In addition to these briefing deficiencies, appellant argues that the evidence should have been excluded by the trial court under Rule 403 of the Texas Rules of Evidence because its probative value was substantially outweighed by the danger of unfair prejudice. However, no objection was made in either instance on the basis of its potential unfair prejudice under Rule 403. Appellant does not address this failure to raise and preserve this issue with regard to either instance. We could decline to consider this point of error because of this confusion of these two factually distinct matters and the failure to make separate arguments as to each. A point of error is multifarious if it combines more than one contention in a single point. Sterling v. State, 800 S.W.2d 513, 521 (Tex. Crim. App. 1990); see Lagrone v. State, 942 S.W.2d 602, 614 (Tex. Crim. App.), cert. denied, 118 S. Ct. 305 (1997) (without substantive argument or supporting authorities, appellate court cannot adequately evaluate appellant's claim); Heiselbetz v. State, 906 S.W.2d 500, 512 (Tex. Crim. App. 1995) ("From appellant's brief, we cannot discern his specific arguments, and we will not brief appellant's case for him."); State v. Gonzales, 855 S.W.2d 692, 697 (Tex. Crim. App. 1993) (when party raises point of error without citation of authorities or argument, nothing is presented for appellate review); Skillern v. State, 890 S.W.2d 849, 871-72 (Tex. App.--Austin 1994, pet. ref'd) (combining several complaints in one point is multifarious). Appellant's point of error is multifarious and inadequately briefed. However, in the interest of justice, we will address the two matters complained of.

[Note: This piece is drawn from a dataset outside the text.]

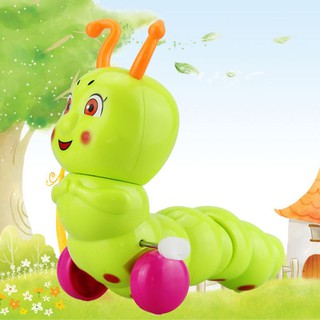 Đồ chơi Sâu Lười lên dây cót dễ thương hàng Thái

The first testimony appellant objects to was given when the complainant testified in the State's case in chief. On cross-examination, appellant inadvertently elicited from her the information involving deceitfulness with rubber gloves. On redirect, the State asked her about the incident, and she essentially repeated her original testimony.
On cross-examination, appellant's attorney asked her if she knew Brenda. She described Brenda as one of appellant's girlfriends, and went on to tell about appellant asking the complaining witness to put on rubber gloves and to help him prepare a letter for mailing that appellant told her was connected with Brenda's suit against her employer. Appellant worked for the same person. The clear implication was that this was done to avoid leaving fingerprints and to prevent the actual sender of the letter from being identified. The complainant also testified that appellant said he wanted her to testify for him and that he would pay her money to lie. Appellant did not object to this testimony at the time it was given. The prosecutor questioned her on re-direct examination about the rubber gloves. It was only then that appellant objected that the matter was irrelevant, and that the complainant's answer to his question on cross-examination had been nonresponsive. The trial court overruled appellant's objection. The complainant related essentially the same information she had given earlier.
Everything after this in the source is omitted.